Comment les virus sont fabriqués – Les véritables processus du virus

Les virus n’infectent pas les cellules stables et saines. Ils dissolvent les cellules et les tissus morts et en décomposition, afin que de nouvelles activités cellulaires puissent se développer. Une bonne analogie : Les mouches apparaissent sur les matières mortes mais n’en sont pas la cause. Ce sont des charognards qui décomposent les matières mortes. Ainsi, les virus et les bactéries fonctionnent exactement de la même manière dans le corps. Sans les charognards sur Terre pour nettoyer les déchets, l’air de la Terre deviendrait toxique. Les mêmes processus se déroulent dans le corps à un niveau macro microscopique.
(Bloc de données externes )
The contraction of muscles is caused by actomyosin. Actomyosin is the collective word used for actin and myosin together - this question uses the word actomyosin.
La science affirme le contraire de ce que la réalité nous dicte à travers notre propre observation de la nature. Cela est impossible car notre corps est un microcosme de la façon dont la nature fonctionne en dehors de notre corps. Supposer le contraire va à l’encontre de notre nature observable et est insensé.
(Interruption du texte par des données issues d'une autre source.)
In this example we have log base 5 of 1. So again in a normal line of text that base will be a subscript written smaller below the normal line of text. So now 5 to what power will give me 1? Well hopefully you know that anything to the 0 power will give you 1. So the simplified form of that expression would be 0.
Comme nous l’avons dit, lorsque les fonctions normales d’entretien du corps ont été largement diminuées et tuées en raison de la toxicité systémique, les cellules ne peuvent plus se maintenir. Les cellules se rassemblent en une unité entière pour se sauver et conspirent pour se nettoyer en fabriquant des constructions protéiques solvables (virus) qui désassemblent et décomposent les cellules mortes et mourantes, les déchets cellulaires, les tissus et les débris étrangers. Les cellules fabriquent des virus sous leur forme cellulaire entière. Dans ce processus, les virus sont fabriqués directement dans la cellule en utilisant une protéine virale préexistante dans la cellule et le génome, et sont incorporés/encodés avec de l’ARN et/ou de l’ADN par la cellule hôte. La cellule éjecte le virus, qui est ensuite régulé par les globules blancs par le biais de ce codage (anticorps), qui supervisent les processus du virus. Cela permet de contrôler et de réguler correctement l’activité virale.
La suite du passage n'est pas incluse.